Editorial: Lowell and Rebagliati urge free thinking

The Prospectors and Developers Association of Canada kicked off its annual convention in Toronto with a panel discussion on what makes a successful mineral explorer.

Legendary mine-finder David Lowell expressed some strong views about the value of independent thinking on the part of exploration geologists.

Lowell co-developed the highly influential Lowell-Guilbert porphyry copper model, and played a leading part in a string of incredible finds that include: Kalamazoo, Vekol Hills and Casa Grande West in Arizona; JA in Canada; Dizon and Far Southwest in the Philippines; La Escondida, Zaldivar-Escondida Norte, San Cristobal and Leonore in Chile; and Pierina in Peru.
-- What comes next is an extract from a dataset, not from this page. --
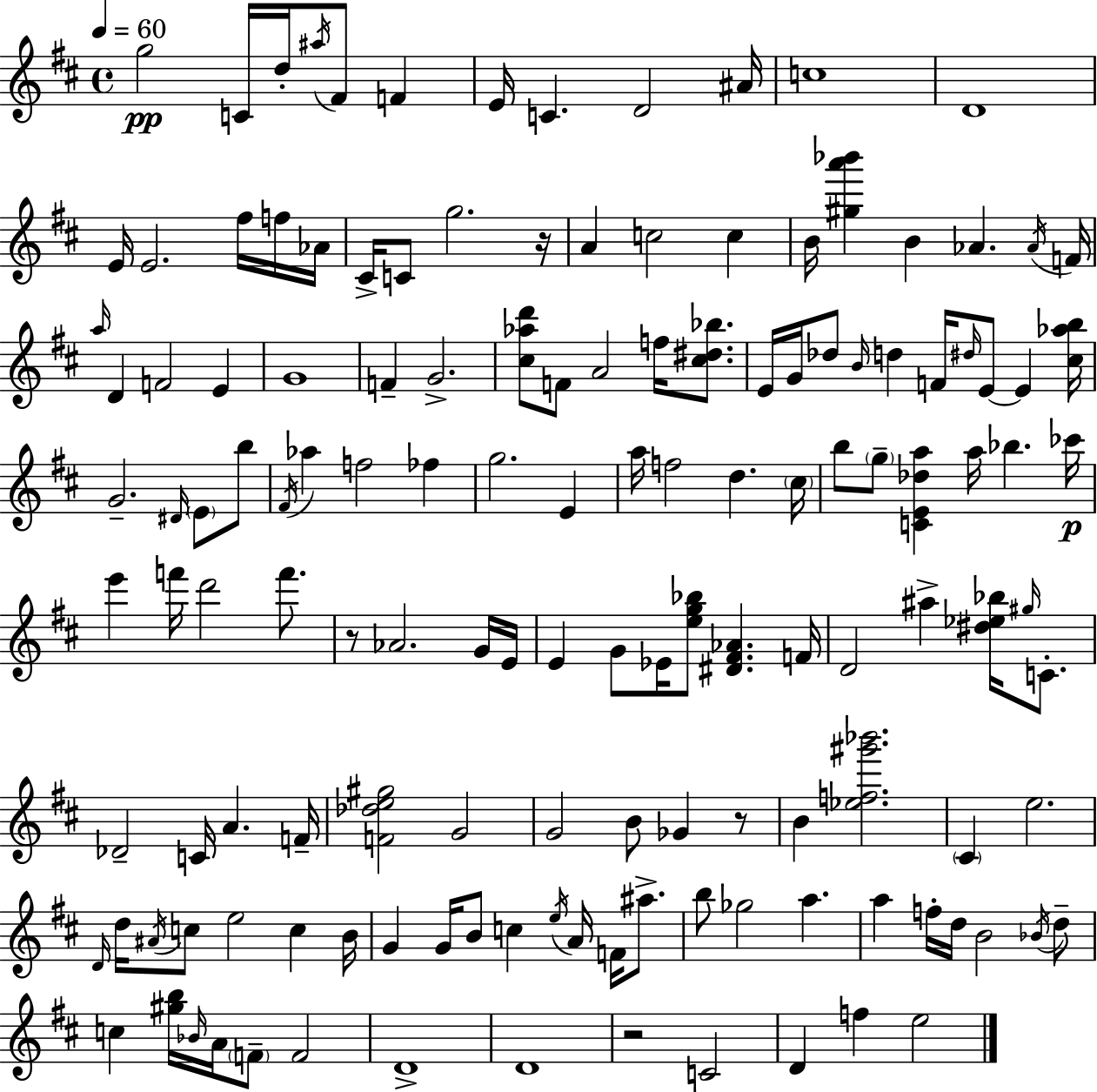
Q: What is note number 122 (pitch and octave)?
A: D4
More recently he was the geological brains behind the sevenfold growth of Corriente Resources’ Mirador-Panantza copper resource in Ecuador, and is today, through CIC Resources, developing a lateritic titanium and iron ore project that is set to become Paraguay’s first significant modern mine.

Speaking on the panel, Lowell described exploration geology as a “strange occupation” that requires a mix of talents and experiences, and a willingness to take risks and fail.
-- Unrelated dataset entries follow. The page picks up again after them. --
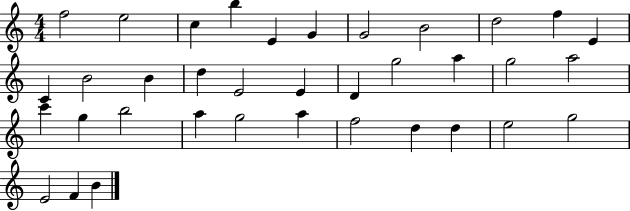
{
  \clef treble
  \numericTimeSignature
  \time 4/4
  \key c \major
  f''2 e''2 | c''4 b''4 e'4 g'4 | g'2 b'2 | d''2 f''4 e'4 | \break c'4 b'2 b'4 | d''4 e'2 e'4 | d'4 g''2 a''4 | g''2 a''2 | \break c'''4 g''4 b''2 | a''4 g''2 a''4 | f''2 d''4 d''4 | e''2 g''2 | \break e'2 f'4 b'4 | \bar "|."
}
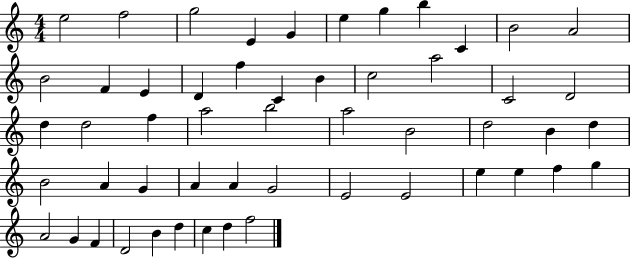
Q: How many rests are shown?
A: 0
“Being good at being wrong may be one of my most outstanding qualities,” Lowell laughed. “Someone focused on never being wrong will probably never find a mine.”

He said another reason for his success when working as a consultant from 1961 to 1990 was his ability to give straightforward “yes” or “no” answers. That was convenient for companies who’d hired him, in that if he was wrong about something, it was easy for the company to pin the blame on him. As a consultant, he said only half his proposals were accepted, and that a third of those wound up discovering an orebody, for about six major successes.
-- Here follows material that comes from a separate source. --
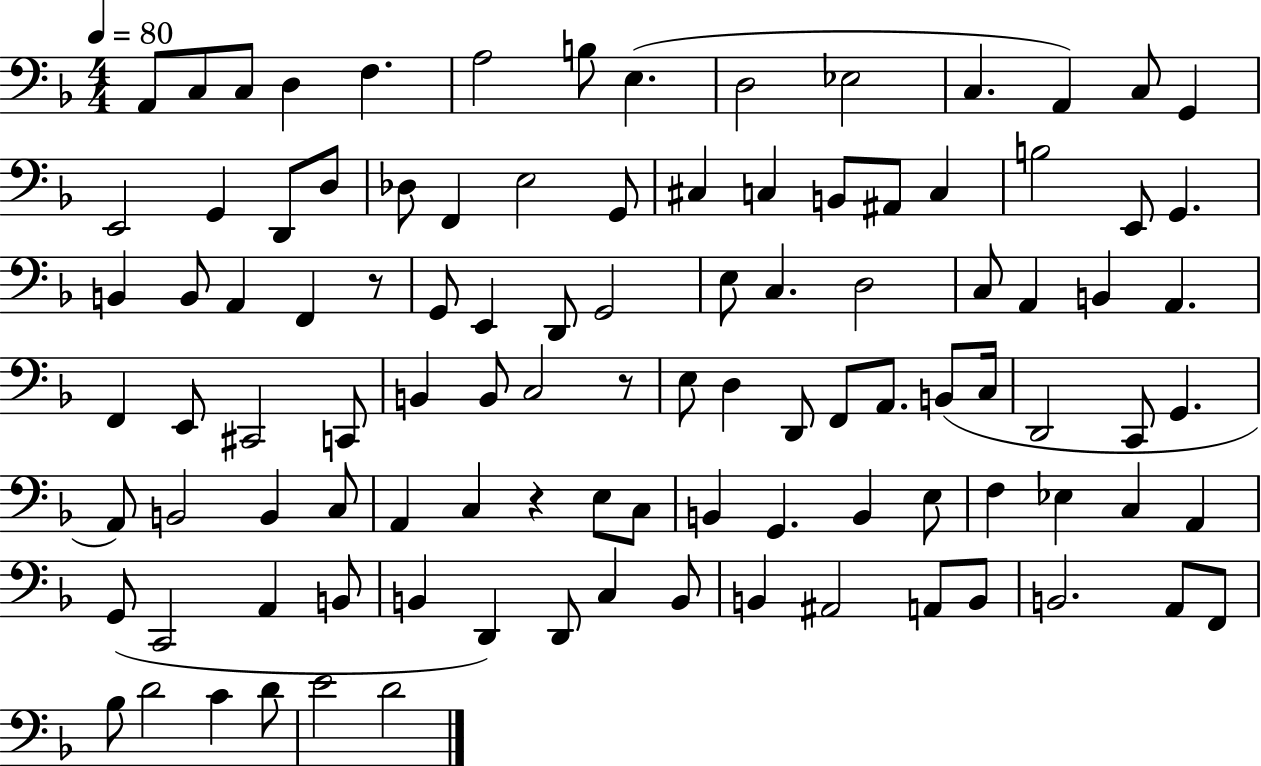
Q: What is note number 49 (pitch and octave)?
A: C2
“I believe the more drilling you do with a shotgun approach, the more success you’ll have . . . luck has to be counted as a factor.”

In recounting his discovery of the virgin, world-class Pierina gold deposit in the early 1990s, Lowell recalled his critical “spur-of-the-moment decision to stake all the alteration zones in the Yungay graben” — only one of which contained Pierina.

“Keep an open mind, and even a simple mind at times, when the situation demands it.”

As an example, he talked about his current venture in Paraguay, where the pre-existing, incorrect dogma was that there were no titanium deposits to be found in laterite.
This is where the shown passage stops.